Speaker

Milind Srivastava

Milind Srivastava

PhD student at CMU, working on making your analytics and observability 100x faster and cheaper

Actions

Milind Srivastava is a PhD student at Carnegie Mellon University advised by Prof. Vyas Sekar. Milind is interested in using approximation techniques in a principled manner to reduce telemetry costs across the stack, including data collection, transmission, and analysis. He is also interested in seeing this research get adopted by industry practitioners. Previously, Milind got his Bachelor's and Master's degrees in Computer Science from IIT Madras in India. In his free time, Milind likes to cook, explore restaurants, and bike around Pittsburgh.

ASAPQuery: A drop-in sketch-based accelerator for Clickhouse

ClickHouse excels at exact real-time analytics. However, there exist many query workloads where some amount of approximation is tolerable, especially if it provides significant reduction in querying cost and latency.
Our research at Carnegie Mellon University and University of Maryland explores this from first principles -- what if we build a query engine that treats approximation primitives as first-class citizens?

ASAPQuery is an open-source (https://github.com/ProjectASAP/ASAPQuery) drop-in accelerator that sits in front of ClickHouse. It requires no changes to your application or your queries — your existing SQL work as-is. ASAPQuery intercepts queries transparently, routes eligible ones to pre-computed sketch summaries, and falls back to ClickHouse for everything else. ASAPQuery provides Clickhouse users with a new performance-accuracy tradeoff point with minimal effort. Need exact? Use Clickhouse. Okay with approximation? Use ASAPQuery.
Early results show that ASAPQuery can improve query latency compared to Clickhouse by > 2x, while maintaining 99% accurate query results.

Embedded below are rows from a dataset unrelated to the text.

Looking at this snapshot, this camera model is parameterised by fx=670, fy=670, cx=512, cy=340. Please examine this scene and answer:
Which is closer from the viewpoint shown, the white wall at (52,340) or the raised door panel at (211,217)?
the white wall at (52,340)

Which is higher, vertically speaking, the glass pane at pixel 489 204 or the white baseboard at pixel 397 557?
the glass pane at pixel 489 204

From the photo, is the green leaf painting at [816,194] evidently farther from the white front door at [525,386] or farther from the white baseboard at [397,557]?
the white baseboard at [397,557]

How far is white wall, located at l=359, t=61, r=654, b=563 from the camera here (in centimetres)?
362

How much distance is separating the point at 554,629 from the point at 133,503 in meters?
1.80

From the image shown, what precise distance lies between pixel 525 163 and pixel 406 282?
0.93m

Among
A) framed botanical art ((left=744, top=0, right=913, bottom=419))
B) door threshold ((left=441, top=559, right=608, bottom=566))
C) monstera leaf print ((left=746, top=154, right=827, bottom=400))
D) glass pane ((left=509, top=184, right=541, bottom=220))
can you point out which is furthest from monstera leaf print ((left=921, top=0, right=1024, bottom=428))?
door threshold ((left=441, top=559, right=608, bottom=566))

ASAPQuery's key technique is the principled use of "sketches".
Sketches are approximate data summaries that can estimate aggregates over large streams of data with very low resources. For instance, a 10KB sketch can be used to measure the percentiles of 100 million data points (~800MB) with > 99% accuracy - 4 orders of magnitude memory reduction!
ASAPQuery is conceptually similar to ClickHouse’s incremental materialized views — sketches are precomputed continuously at ingest time, so queries hit sketches rather than raw data. The key difference is that ASAPQuery does this automatically for sketch-based approximations, without needing query rewrites or manual view maintenance. While sketches aren't a new concept, their use requires expert knowledge. ASAPQuery democratizes the benefits of sketches for users of Clickhouse, by automatically translating SQL queries into sketch-based query plans and executing them.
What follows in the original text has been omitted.